## Problem
Using the data below, reproduce exactly the lines from the line with "BMH系列交错油口开云手机官方网站马达" to the line with "Norman, Oklahoma Lake", both included; pictures must be dropped.

## Data

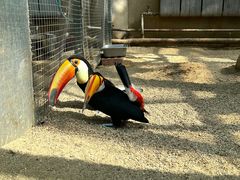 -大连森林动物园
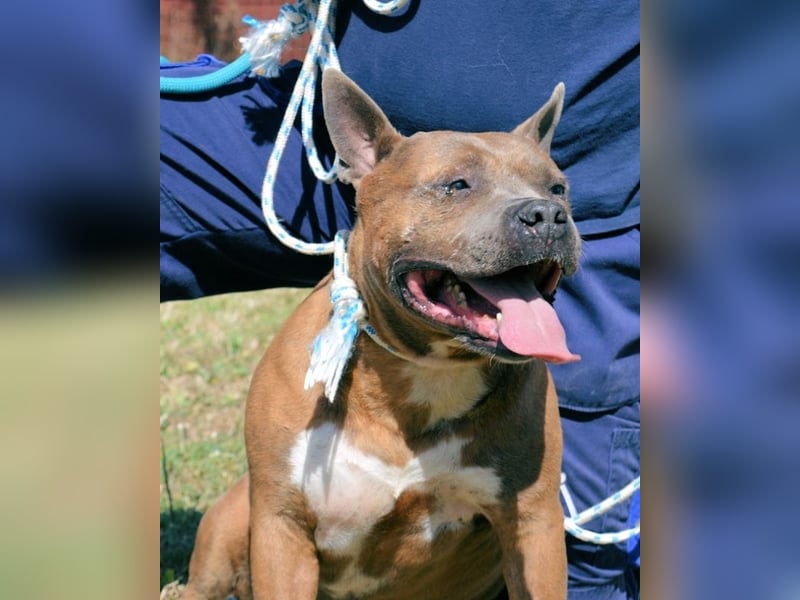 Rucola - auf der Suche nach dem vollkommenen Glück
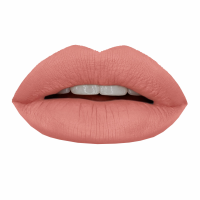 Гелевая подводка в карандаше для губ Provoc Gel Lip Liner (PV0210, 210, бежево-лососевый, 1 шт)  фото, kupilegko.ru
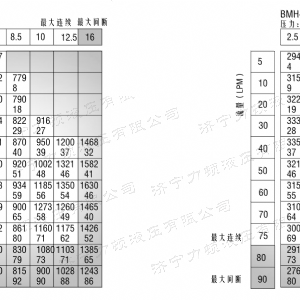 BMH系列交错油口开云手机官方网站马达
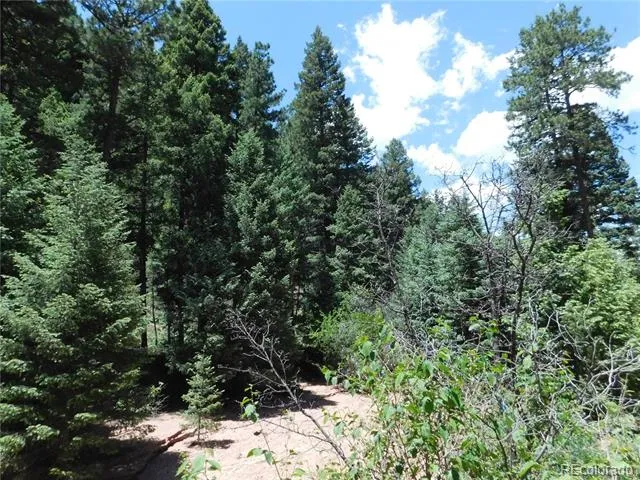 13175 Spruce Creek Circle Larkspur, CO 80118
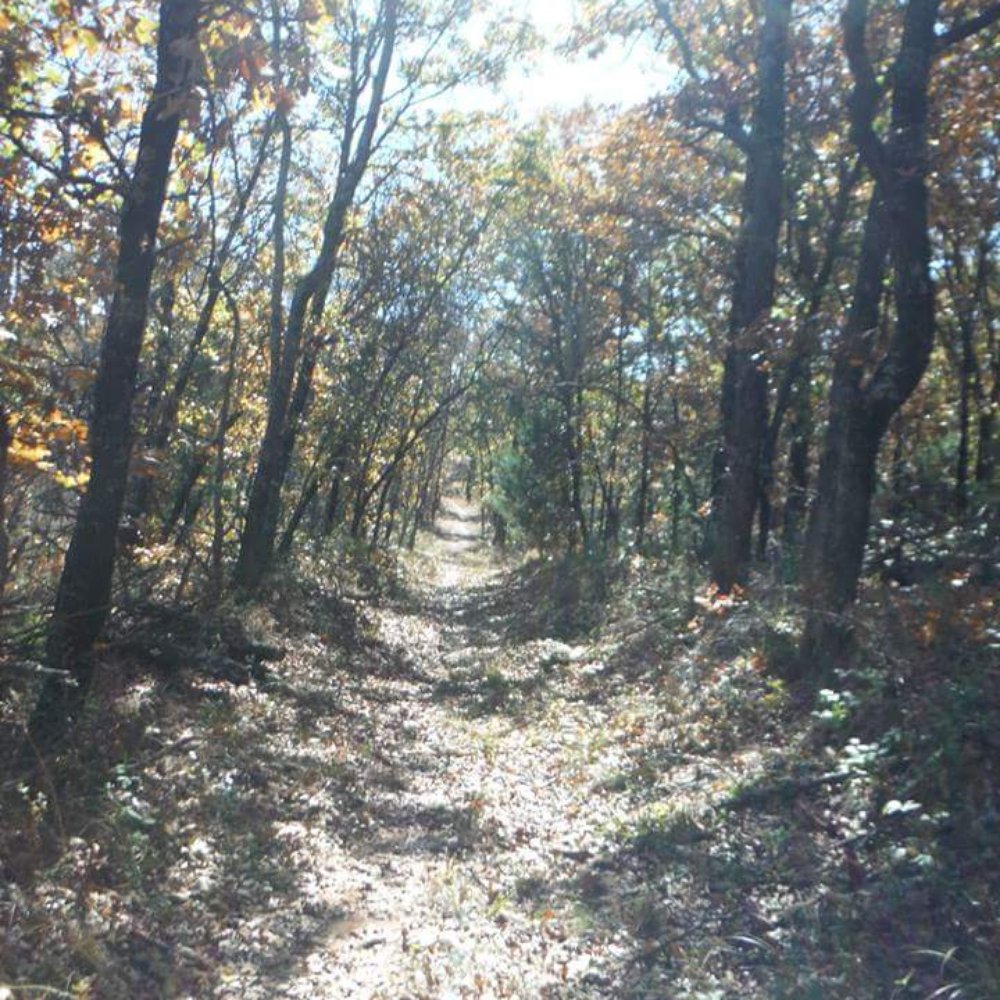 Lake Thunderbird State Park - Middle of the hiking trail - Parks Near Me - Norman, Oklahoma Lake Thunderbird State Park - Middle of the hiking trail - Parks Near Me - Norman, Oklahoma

...

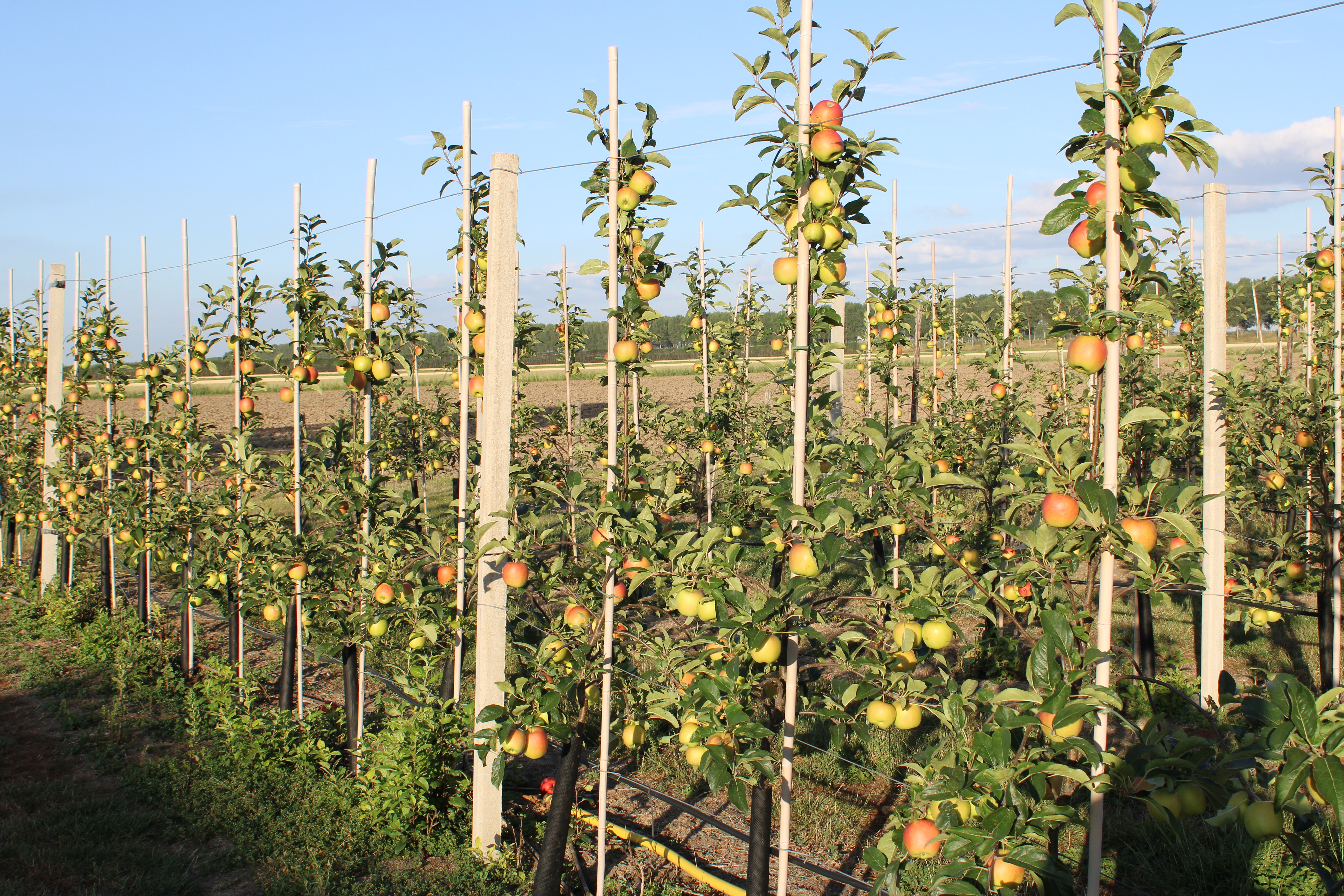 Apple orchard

---

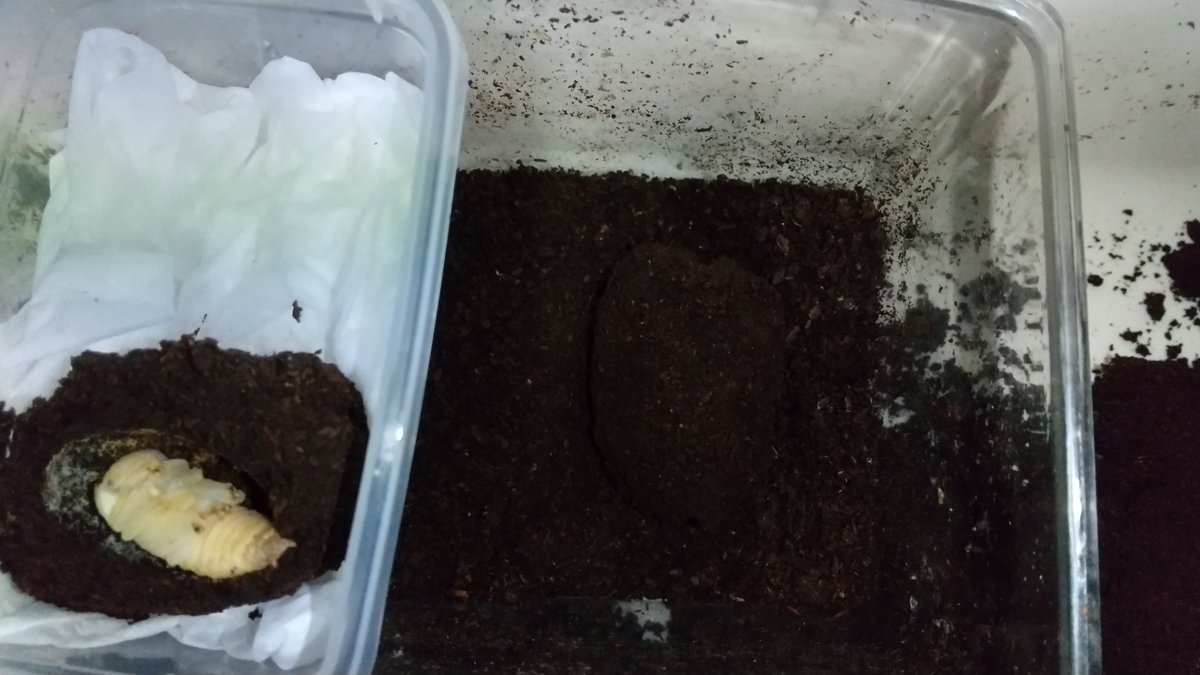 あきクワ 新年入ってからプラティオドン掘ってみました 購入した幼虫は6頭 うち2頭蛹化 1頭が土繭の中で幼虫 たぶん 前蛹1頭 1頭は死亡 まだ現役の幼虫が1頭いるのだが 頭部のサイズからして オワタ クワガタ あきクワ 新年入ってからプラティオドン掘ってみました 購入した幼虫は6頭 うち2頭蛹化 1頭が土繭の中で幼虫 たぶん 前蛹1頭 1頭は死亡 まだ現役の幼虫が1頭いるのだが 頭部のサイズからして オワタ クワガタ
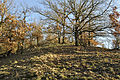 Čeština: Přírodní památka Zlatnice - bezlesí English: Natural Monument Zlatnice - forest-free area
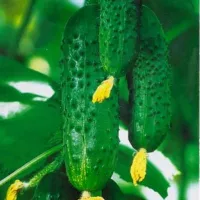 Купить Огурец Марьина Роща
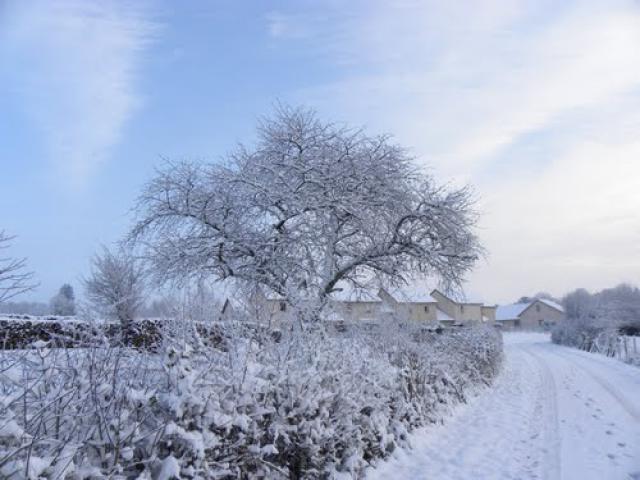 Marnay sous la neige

## Answer to this task
 BMH系列交错油口开云手机官方网站马达
 13175 Spruce Creek Circle Larkspur, CO 80118
 Lake Thunderbird State Park - Middle of the hiking trail - Parks Near Me - Norman, Oklahoma Lake Thunderbird State Park - Middle of the hiking trail - Parks Near Me - Norman, Oklahoma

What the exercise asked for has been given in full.